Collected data

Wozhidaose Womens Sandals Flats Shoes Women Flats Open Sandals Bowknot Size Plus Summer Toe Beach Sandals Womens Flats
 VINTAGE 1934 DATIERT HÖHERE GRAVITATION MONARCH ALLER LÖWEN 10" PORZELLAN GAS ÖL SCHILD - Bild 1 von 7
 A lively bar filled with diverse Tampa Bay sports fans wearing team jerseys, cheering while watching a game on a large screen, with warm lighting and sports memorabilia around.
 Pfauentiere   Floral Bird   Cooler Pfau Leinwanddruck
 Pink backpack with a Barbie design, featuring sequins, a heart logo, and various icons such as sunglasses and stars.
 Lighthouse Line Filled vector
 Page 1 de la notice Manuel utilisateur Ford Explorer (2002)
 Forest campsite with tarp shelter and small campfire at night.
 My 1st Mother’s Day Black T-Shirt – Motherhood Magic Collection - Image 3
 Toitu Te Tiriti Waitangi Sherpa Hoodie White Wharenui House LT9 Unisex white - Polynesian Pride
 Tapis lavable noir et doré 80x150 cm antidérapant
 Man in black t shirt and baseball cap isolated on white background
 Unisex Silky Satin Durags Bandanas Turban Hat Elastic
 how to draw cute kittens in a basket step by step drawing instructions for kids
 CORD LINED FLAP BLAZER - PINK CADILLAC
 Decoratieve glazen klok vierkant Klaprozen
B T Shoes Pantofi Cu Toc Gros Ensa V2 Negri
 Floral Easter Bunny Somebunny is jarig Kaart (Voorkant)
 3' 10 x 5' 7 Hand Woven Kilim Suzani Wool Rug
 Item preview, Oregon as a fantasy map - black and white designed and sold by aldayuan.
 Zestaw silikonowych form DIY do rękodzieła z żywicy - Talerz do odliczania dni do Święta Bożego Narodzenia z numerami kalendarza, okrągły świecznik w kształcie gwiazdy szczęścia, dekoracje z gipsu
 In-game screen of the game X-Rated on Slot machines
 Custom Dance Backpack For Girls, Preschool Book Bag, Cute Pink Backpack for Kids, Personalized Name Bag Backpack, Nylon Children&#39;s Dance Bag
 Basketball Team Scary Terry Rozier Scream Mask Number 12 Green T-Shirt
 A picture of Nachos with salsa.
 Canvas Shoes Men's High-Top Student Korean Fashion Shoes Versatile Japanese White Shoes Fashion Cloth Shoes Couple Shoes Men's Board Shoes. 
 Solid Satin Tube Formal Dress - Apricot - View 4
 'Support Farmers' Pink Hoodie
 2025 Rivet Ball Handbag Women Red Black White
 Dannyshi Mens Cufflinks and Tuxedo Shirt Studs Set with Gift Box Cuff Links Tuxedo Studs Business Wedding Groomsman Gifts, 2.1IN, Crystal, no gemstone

*Task details:* Only the lines from the one containing "Canvas Shoes Men's" through the end of the entries above should be written out, exactly and in full.

*Your response:*
 Canvas Shoes Men's High-Top Student Korean Fashion Shoes Versatile Japanese White Shoes Fashion Cloth Shoes Couple Shoes Men's Board Shoes. 
 Solid Satin Tube Formal Dress - Apricot - View 4
 'Support Farmers' Pink Hoodie
 2025 Rivet Ball Handbag Women Red Black White
 Dannyshi Mens Cufflinks and Tuxedo Shirt Studs Set with Gift Box Cuff Links Tuxedo Studs Business Wedding Groomsman Gifts, 2.1IN, Crystal, no gemstone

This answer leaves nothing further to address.